Given material
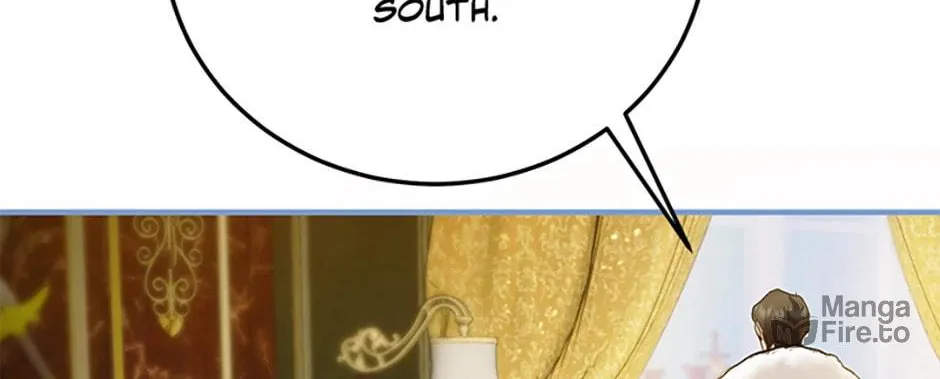 The Glamorous Life of the Fake Mistress Chapter 84 page 42 - 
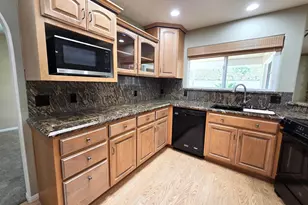 6264 Brynwood Ct, San Diego, CA 92120 - Photo 19
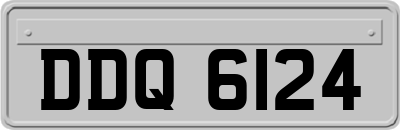 DDQ6124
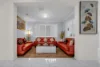 7 Keighery Drive, Clyde North, Vic 3978-Image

Requirement
Without the pictures, write out the listing exactly as it appears above.

Response below
 The Glamorous Life of the Fake Mistress Chapter 84 page 42 - 
 6264 Brynwood Ct, San Diego, CA 92120 - Photo 19
 DDQ6124
 7 Keighery Drive, Clyde North, Vic 3978-Image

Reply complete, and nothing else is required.